Eloy Tizón

Durante su último concierto en Madrid en 2009, Palacio de los Deportes, prometió con su laringe de nicotina: "Estamos aquí para darlo todo, porque es posible que no volvamos a vernos". Acertó, en efecto. Y eso que en aquella ocasión compareció en plena forma sobre el escenario, dando saltitos de duende que nos hicieron reír. Ni rastro de senectud en su cuerpo enjuto aunque cargado de años, su traje elegante de tahúr y su sombrero gris perla. Hace falta mucho bagaje para vestir con estilo ese traje y ese sombrero; no todos pueden. Se requiere mucha historia detrás y unas cuantas postales ribeteadas de pintalabios: Suzanne, Marianne, Janis, Rebecca...



En otro momento se arrodilló y entonó su plegaria: Hallelujah.
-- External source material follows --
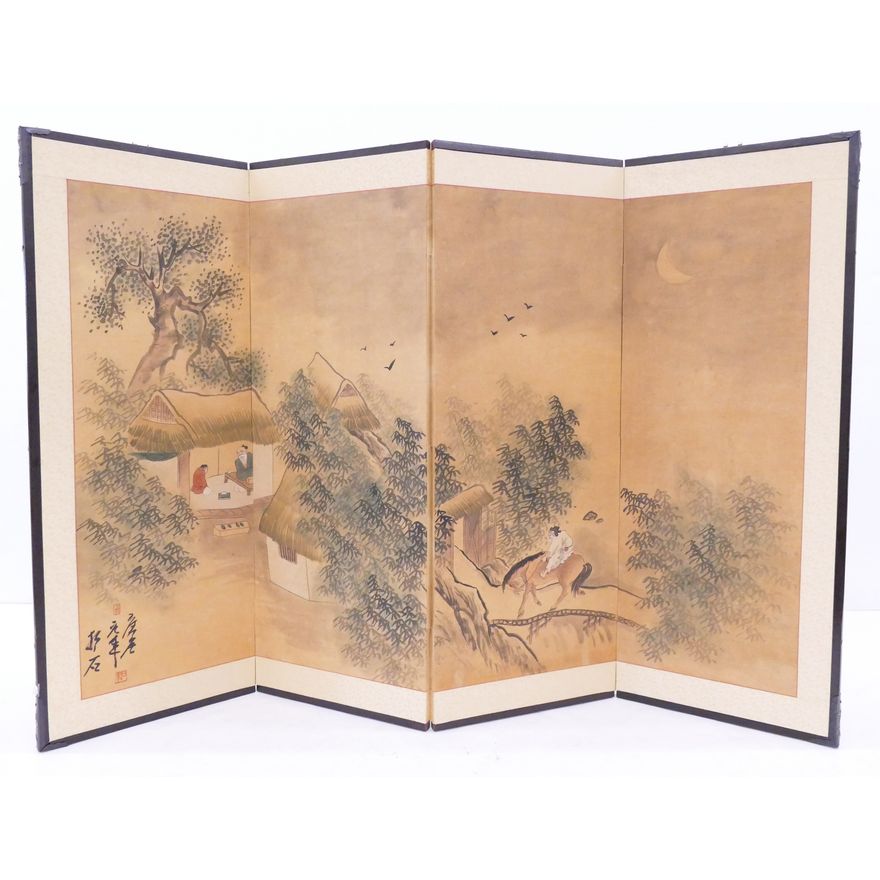 Japanese Painted Landscape with Huts 4 Panel Screen- 36x54''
No escatimó esfuerzos, ni energías físicas ni mentales, ni bises. Fue generoso con una audiencia entregada, consciente de su aureola y su mito, pero sin renunciar a la autoironía, la broma y el humor negro. Nos regaló su más valioso tesoro: su tiempo y su arte. Nunca se sabe cuándo puede ser la última vez que coincidamos aquí y no hay cura para el amor.



Aquel caballero murió hace un año por estas mismas fechas y está, según aseguran, enterrado en Montreal, en una simple caja de pino sin adornos, por propia elección. Su voz sigue transportándonos y formando parte del tejido de nuestras biografías, en incontables circunstancias en que él estuvo presente, y estará, con su sollozo hebreo y sus cabriolas de violinista en el tejado. Delgado y escueto como una isla griega o un aforismo. Bien escoltado por sus músicos que en Madrid parecían una banda de zíngaros balcánicos festejando la belleza trágica de la vida. Rodeado por los fantasmas de sus amores extintos vagando por los pasillos del hotel Chelsea. Hace un año se nos murió un amigo al que nunca conocimos. No hay cura, no. Abandonó este mundo dando saltitos, igual que en aquel escenario.